Existen, pues, dos caminos, dos vías, para entrar en contacto con la realidad, pero mientras el método busca, el saber encuentra. Así, «la poesía es encuentro, don, hallazgo, por gracia», mientras que «la filosofía busca, requerimiento guiado por un método» (Zambrano, 1989a, p. 108). En suma, entre el ser oculto e invisible de la Idea platónica y el ser mutable de las apariencias que nos muestran los sentidos, entre método y saber, María Zambrano elige el saber poético. Una elección que la sustrae de la mirada abstracta y liviana de la ciencia y le permite pensar la vida a través de la sensibilidad, la memoria y la imaginación.
Dicho esto, conviene recalcar de nuevo que en Filosofía y poesía (1939) la filósofa narra la aparición y la bifurcación del logos en la historia del pensamiento.
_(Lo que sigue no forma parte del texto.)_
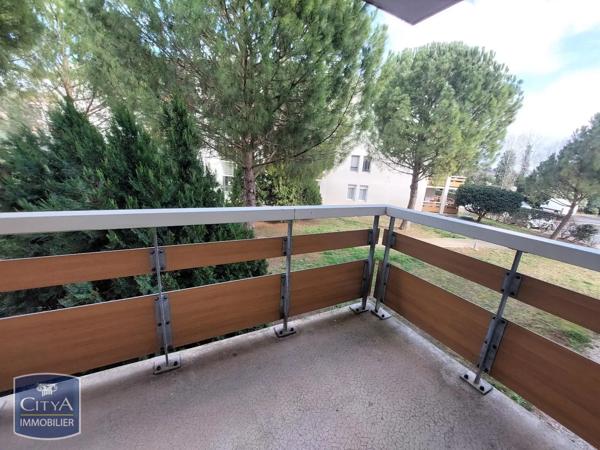 Appartement à louer 2 pièces 32.65m² Clermont-l'Hérault (34800)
Es en este libro donde explica cómo el conocimiento racional se separó del saber sensible por considerarlo falaz y poco fiable. La búsqueda de un ser único, eterno, indivisible, homogéneo e inmóvil que subsiste debajo del flujo de las apariencias y que trasciende los sentidos llevó a Platón hacia el concepto y la Idea. En resumidas cuentas, todo conocimiento que proviniera de la sensibilidad conducía a la doxa, a la opinión variable que tiene por objeto las cosas concretas y terrenas que sufren mutación y corrupción. Solo el conocimiento que emerge de una razón filosófica pura podía alcanzar la verdad y lograr la unidad que subyace a la variabilidad y multiplicidad de cuanto nos rodea. En consecuencia, la poesía aferrada a las apariencias ni tan siquiera podía ser considerada conocimiento. Un estigma que llevó durante siglos.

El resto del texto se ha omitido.